Deutsche Bank has released a report arguing that the next decade could usher in the end of fiat currencies. Could their analysts be right? And what part does cryptocurrency have to play in that?
Did Fiat Money Create Inflation?
Imagine 2030, a special edition of Konzept, released by the research team at German banking giant Deutsche Bank, suggests that certain factors that have held the fiat money system together since the 1970s are beginning to weaken.
With the collapse of the gold-based Bretton Woods global monetary system in the early 1970s, national currencies became de-linked from precious commodities like gold.
It’s replacement, fiat money, was based on little more than trust in the government’s ability to maintain its value. The independence of fiat money from any inherent backing, however, introduced the problem of inflation.
Governments became free to print as much or as little money as they wanted in response to perceived economic needs. Society has become so attuned to the notion that prices always rise, that it is easy to forget that, save for rare events of upheaval, inflation did not significantly exist prior to fiat being freed from its commodity backing.

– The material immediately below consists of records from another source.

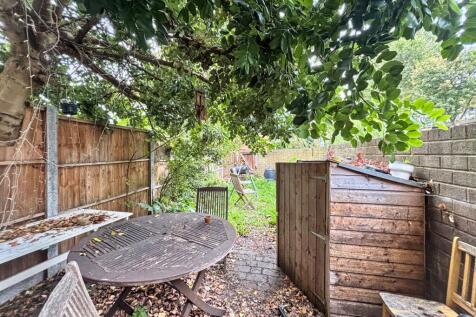 43A Lansdowne Drive, Hackney, London, E8 3EG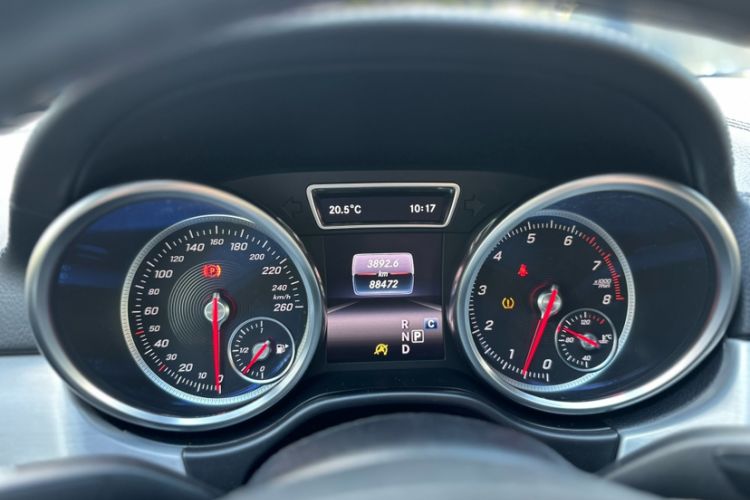 Used Mercedes-Benz GLE Coupe 2018 GLE 320 4MATIC Coupe SUV Odometer Close Up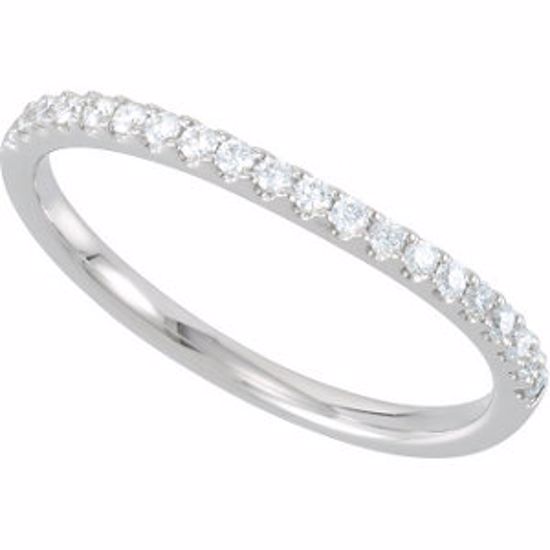 68544:102:P 14kt White 1/5 CTW Diamond Band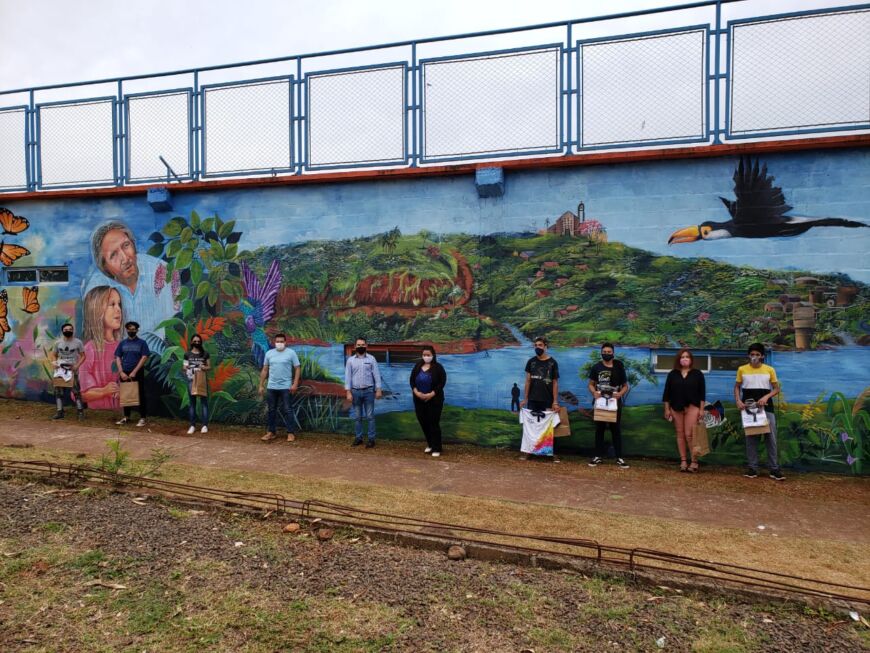 Puerto Piray: jóvenes pintaron un mural en la Villa Olímpica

The chart below demonstrates a substantial spike in consumer prices from 1970 to the mid-80s:
Deutsche Bank suggests that the fifty-year fiat system that introduced inflation, and which took a financial meltdown to contain, has been held in check not by governments but by “a fortuitous set of global forces across multiple decades that have created sizeable natural offsetting disinflationary forces.”
The analysts suggest those forces are now under threat.
Have Central Bankers Baked Their Irrelevance into the Future?
In the latest, central banks are pursuing yet another round of interest rate cuts and quantitative easing programs that have been in place since the global financial crisis.
Inflation has not been a threat for over a decade, and remains under its two percent target levels in the US and Europe:
Lagarde: We expect ECB interest rates to remain at their present or lower levels until we have seen the inflation outlook robustly converge to a level sufficiently close to, but below, 2% within our projection horizon … (1/2)
— European Central Bank (@ecb) December 12, 2019
Given low inflation risks and sluggish economic growth, central bankers worldwide are doing what they can to stimulate growth by making money cheap. But after a decade of failure to stimulate projected growth levels, is their arsenal ill-equipped for the job in an increasingly interconnected world?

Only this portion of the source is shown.